Mike and Julie are very happy Abby is in their life and, overall, satisfied with the US adoption agency they used. But they count themselves lucky that the problems the children had were not more serious, and that with the support of friends and family they were able to provide the right environment for the children.
But not all adoptive parents are able to cope and that's where the system starts failing. Even young Abby knows it.
"Because I was raised in such a good family, it's better here than it was in Russia," she says, sitting on a swing in her parents' garden.

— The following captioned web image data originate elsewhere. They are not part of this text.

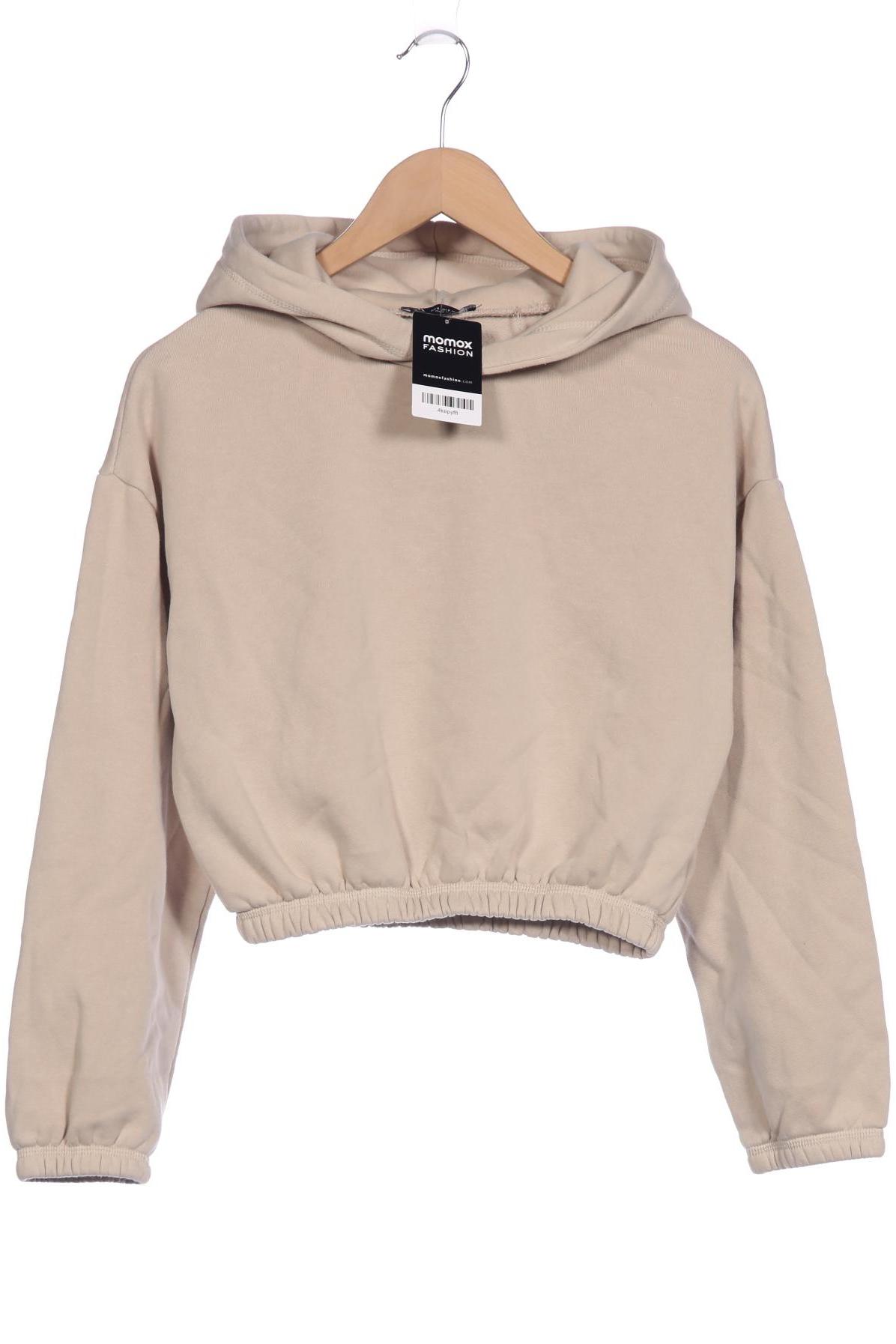 

Zara Damen Kapuzenpullover, beige, Gr. 36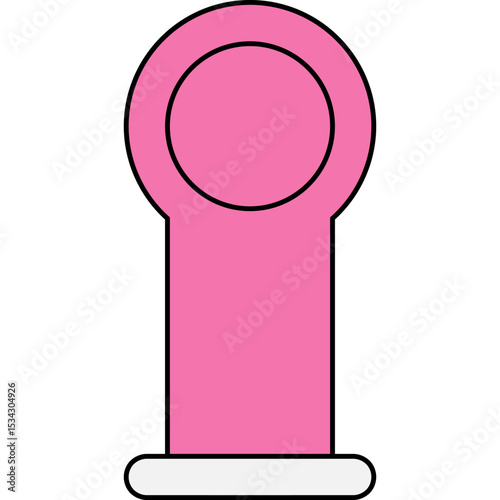 Dildos single icon vector illustration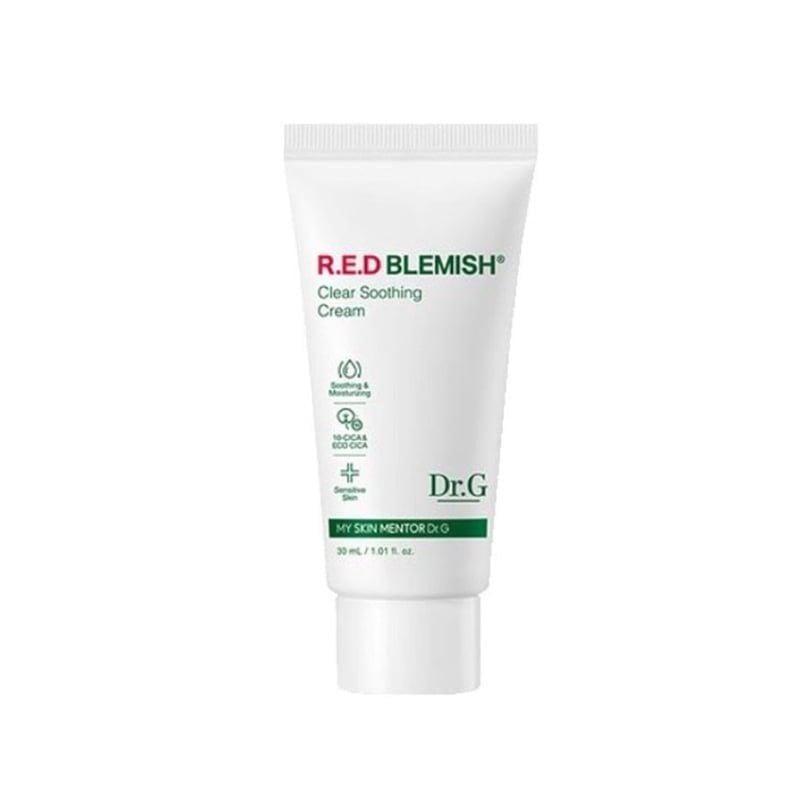 Kem Dưỡng Ẩm Dr.G Làm Dịu Da, Hỗ Trợ Phục Hồi, Giảm Đỏ Da R.E.D Blemish Clear Soothing Cream 30ml
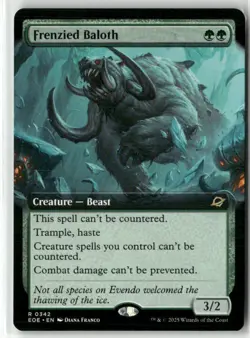Frenzied Baloth (Extended Art) 342 NM MTG Edge of Eternities Magic - Image 1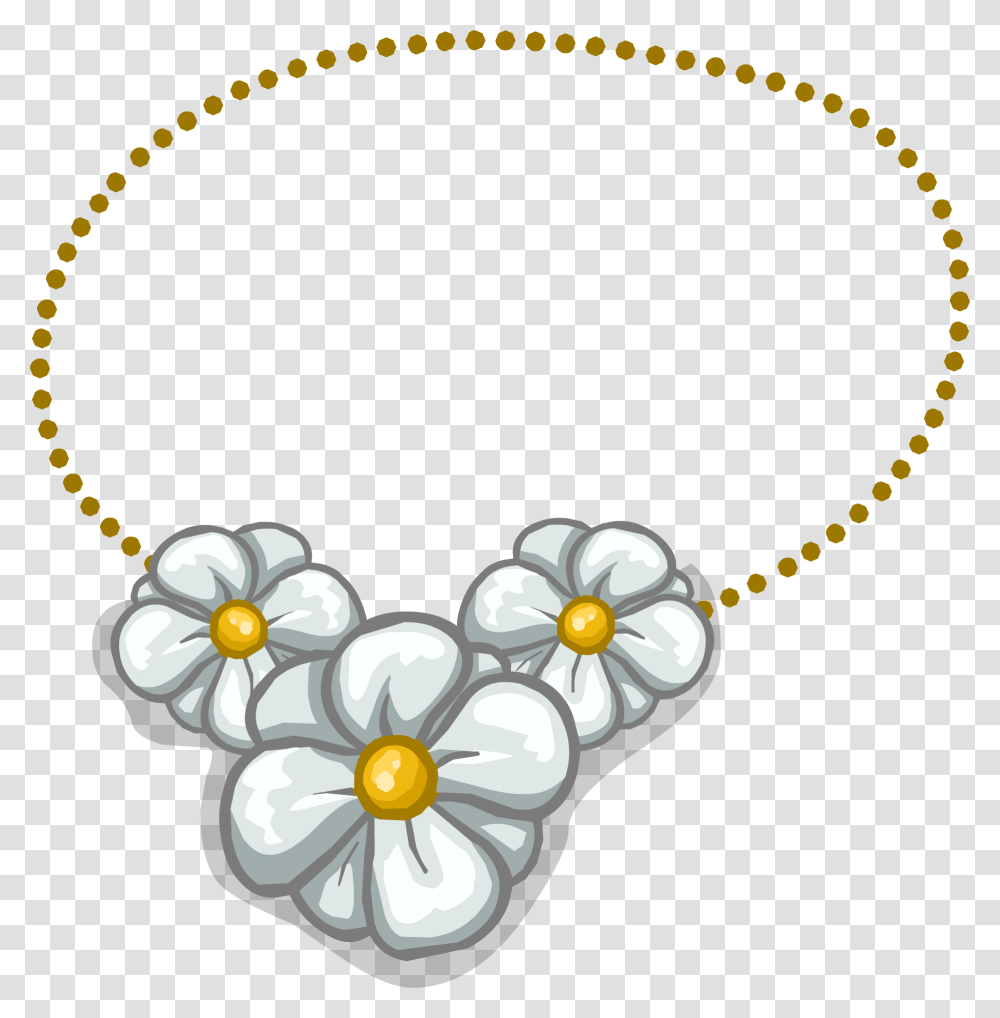 Daisy Clipart Daisy Chain Club Penguin Necklace, Accessories, Accessory, Jewelry, Collar Transparent Png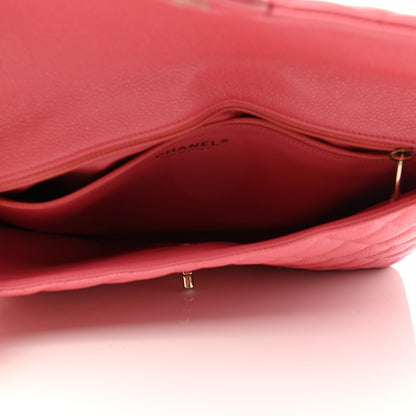 Chanel Caviar Quilted Flap Clutch Pink 5 of 8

"There's a lot of kids who should be [allowed] to come, but I just think that [both] governments should just look at the families more closely."
The case of seven-year-old Artyom Savelyev - sent back to Russia alone by his adoptive mother with a note saying she no longer wished to parent the child - sparked anger in Russia at the US.
Artyom Savelyev was sent from his family home, back to Russia
There were calls for a total moratorium on adoptions with the US because this was not the first incident involving Russian orphans. Since the early 1990s, the Russian authorities say 18 orphans adopted internationally have died in their adoptive families, 17 of them in the US.
Just over two thirds of Russian orphans adopted abroad end up in the US. But 15 children also die every year under domestic Russian adoption, according to Russia's children rights ombudsman Pavel Astakhov.
The Russian Duma eventually rejected the motion calling for a freeze on adoption in the US while the two countries negotiate a bilateral agreement to improve the process.
The failings are on both sides. Russia is one of only three countries that has yet to ratify the 1993 Hague adoption convention which regulates international adoptions.
US officials want the Russian side to give more information about children, and sooner, so parents can make an informed decision.
"The parents don't see the complete medical status of the child until they show up to court for the final adoption," said one US senior official who spoke on condition of anonymity because the negotiations with Russia are ongoing.
"In some cases that may be a little later than the parents would have wanted to see it depending on what it says."
Dr Ronald Federici, a clinical neuropsychologist in Virginia, who has worked with adoptive families, tells a similar story.
He says the information is often only one or two pages of redacted information badly translated, given to the parents when they are in court, the child already in their arms.
Some parents, albeit overwhelmed by their new knowledge, feel obligated to bring the child home and then problems start. Others simply leave the children behind, according to Dr Federici.
That's why the issue of matching children with the right family is so important.
We're not getting a fifth - but we have no regrets
Adopting parents Mike and Julie
Some families are able and willing to deal with problem children, others are not and US adoption agencies are being urged to put in place a better vetting system. Many observers said Artyom should never have been adopted by the single mother he was matched with.
There are also concerns that families are not getting appropriate post-adoption support, after the adopted child arrives in the US.
This support is currently not mandated or enforced and because Russia is not part of the Hague process, the US state department cannot bar agencies that fail to provide it.
If things break down, there is little recourse for the families. So the sad, little known fact is that Russian adoptees are often simply sent back to Russia.
Not all of them make it into the news like Artyom. In the last 10 years, Dr Fedirici alone has seen 39 children sent back to Russia.
"[These children] have foetal alcohol syndrome, trauma, deprivation, neglect, abuse, malnutrition and illness. These things can be overcome, but it's a very arduous process," said Dr Federici.
But for the Jones family, back in Pennsylvania, it is a happy ending.
"We're not getting a fifth," said Julie, laughing, "but no, we have no regrets."
The key now, for both the US and the Russian governments is to make sure other families too have no regrets about adopting from Russia.